RE: Checkpoint 3.1 - Identifying language from Michael Cooper on 2003-09-05 (w3c-wai-gl@w3.org from July to September 2003)

From: Michael Cooper <michaelc@watchfire.com>
Date: Fri, 5 Sep 2003 10:37:02 -0400
To: w3c-wai-gl@w3.org
Message-ID: <D9ABD8212AFB094C855045AD80FB40DD017E0B56@1WFMAIL>
First to respond to the question about why identifying the primary language
of the document has less emphasis than identifying changes: I've wondered
about that myself a lot. On a Thursday call sometime in the past couple
months the explanation was given that, if your screenreader doesn't pick up
the primary language it will just start reading gibberish, and you'll know
something is wrong and do something about it, like leave the page or change
your language settings; but if most of the page is reading correctly and
suddenly you encounter a gibberish phrase, you know you're missing content
on a page that was otherwise accessible to you. However, on a Wednesday call
a about a month ago, Richard Ishida of the Internationalization group said
he considered identifying the primary language equally important. He was
going to send a review note about this so it will be put on the agenda for
discussion at some point.

As far as the prevalence of non-Dutch (e.g., English) words in Dutch, like
"website", here is an opinion which may or may not be considered accurate by
people with linguistic backgrounds, but it's something to throw out there. I
would propose that the incorporation of words like "website" into Dutch is
simply an example of the borrowing of words between languages that happens
all the time. I've studied French, German, and Latin and been amazed by how
many words from those languages are found in English - sometimes retaining
their original meaning, sometimes with a related but different meaning. Yet
we consider them English words now, because they've been part of the
language long enough that English speakers recognize them. The only real
difference with your example is recency - words like "website" were imported
during the lifetime of current speakers, so they may view them as foreign
words - but the meaning of them is understood all the same. I would say that
for all practical purposes those words can be considered part of the Dutch
language, since in a few generations people will no longer see them as
non-Dutch anyway. Under this logic, such words would be exempt from the
requirement to be marked up specially, since they are not 'foreign' words in
the sense that you have to have an understanding of the foreign language to
understand the phrase.

The question of pronunciation still exists and may nullify my argument.

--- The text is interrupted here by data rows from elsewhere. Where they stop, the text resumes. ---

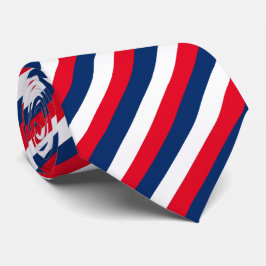 Elegante, blau-weiße rote Flagge gestreift Krawatte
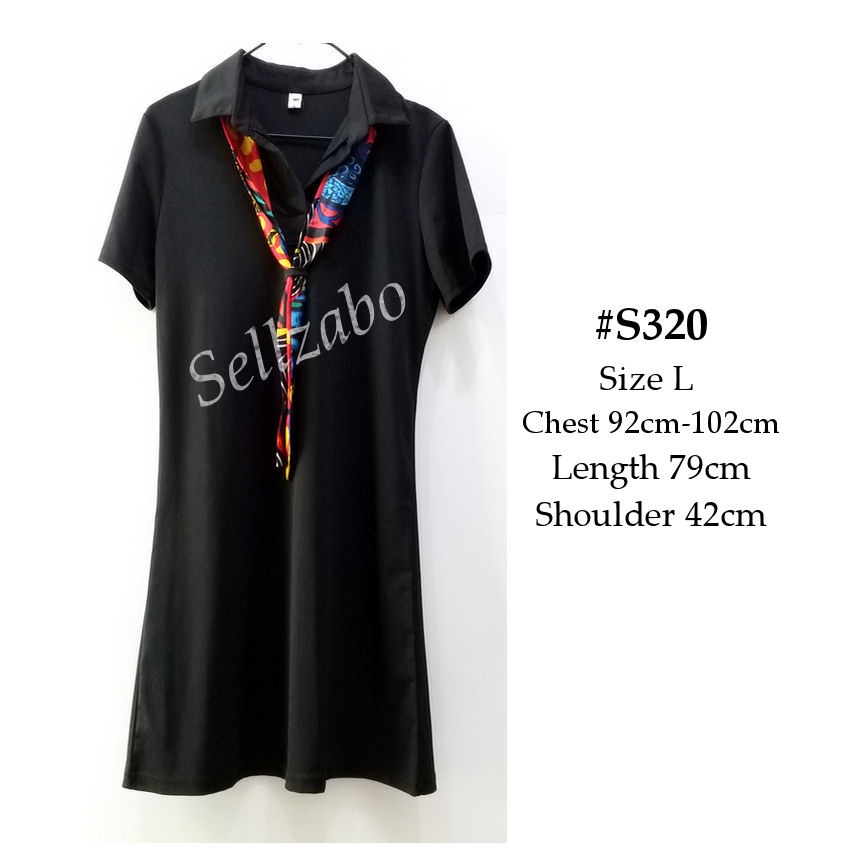 S320 สุภาพสตรีขนาด L ธรรมดาสีดําสั้นเข่าชุดผ้าพันคอยืดผู้หญิง Berpakaian Pakaian Viu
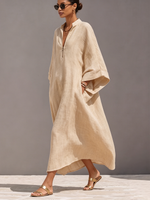 Minimalist Beige Cotton-linen Zip-front Caftan Maxi Dress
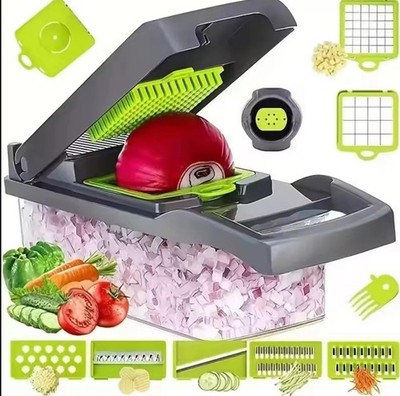 Kitchen Ideas 16 in 1 Gemüseschneider Zerkleinerer Mandoline Hobel Schwarz/Grün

I
don't know how "website" is pronounced in Dutch - is it pronounced the way
it is in English, or is it pronounced the way a screenreader might applying
Dutch pronunciation rules? If the screenreader pronounces it one way but the
common pronunciation is different, there might still be a problem. Yet I
would say first that there are plenty of words screenreaders mispronounce,
because of homonyms, regional accents, etc., and people deal with it.
Second, if by my logic above the word is effectively part of the Dutch
language, the screenreader ideally should come already designed with the
ability to pronounce it correctly, if only via an exceptions dictionary.
This is similar to the argument that only words that are not in an
unabridged dictionary for the language fall under this rule. The dictionary
authors may not have caught up to common practice, but it's common practice
that is important for people's ability to access the content. Of course that
makes testability more difficult...

Michael

> -----Original Message-----
> From: Y.P. Hoitink [mailto:y.p.hoitink@heritas.nl]
> Sent: Thursday, September 04, 2003 6:22 PM
> To: w3c-wai-gl@w3.org
> Subject: Checkpoint 3.1 - Identifying language
> 
> 
> 
> Hello everyone,
> 
> I have been going through the internal working draft of the WCAG 2.0
> guidelines <http://www.w3.org/WAI/GL/WCAG20/> and came across core
> checkpoint 3.1 (Language of content can be programmatically 
> determined).
> 
> The success criteria for checkpoint 3.1 reads:
> "passages or fragments of text occurring within the content 
> that are written
> in a language other than the primary natural language of the 
> content as a
> whole, are identified, including specification of the language of the
> passage or fragment. "
> 
> Meeting this success criteria is a heavy burden for people writing in
> languages which use a lot of foreign words. For example, my 
> native language
> Dutch uses a lot of English words and phrases , like 
> "website", "software
> engineering", "content management", "on the job training" 
> etc. On a typical
> Dutch page, especially on a technical or management subject, several
> percents of the words can easily be foreign. To meet this 
> success criteria,
> all of these would have to be labelled with their original language.
> 
> This isn't a problem in English so much, since there aren't 
> so many foreign
> words. I guess this is why we hear the "je ne sais quoi" 
> example all the
> time :-) But we're writing these guidelines for the entire 
> internet, not
> just the English speaking community.
> 
> I understand that labelling foreign phrases with their language would
> increase accessibility. If English words are spoken out loud 
> with Dutch
> pronounciation by speech synthesizers, they are hard to 
> understand because
> the words sound quite different. 
> 
> But it is quite a lot to ask to label everything for people writing in
> languages which use a lot of foreign words. Also, even though they are
> harder to understand, the phrases can still be heard so it's 
> not _totally_
> inaccessible. I don't think this issue should be on the same level of
> requirements as, for example, the need for text equivalents 
> for non-text
> content.
> 
> What I'm trying to say is this: Shouldn't this be a best 
> practice instead of
> a required success criteria?
> 
> On the other hand, I was surprised to find that the 
> identification of the
> _main_ language of the document is only a best practice, and 
> not a success
> criteria. So we are requiring to label every foreign phrase, 
> but we don't
> even know what the main language is? Couldn't this lead to 
> the unwanted
> situation that 99% of the document is read with the wrong 
> pronounciation,
> except for the few foreign words whose language _was_ identified? 
> 
> I have been trying to find past discussions about this in the 
> mail archives
> but haven't seen these issues. If I missed them, I would 
> appreciate it if
> someone could send me the links.
> 
> Yvette Hoitink
> 
>
Received on Friday, 5 September 2003 10:42:41 UTC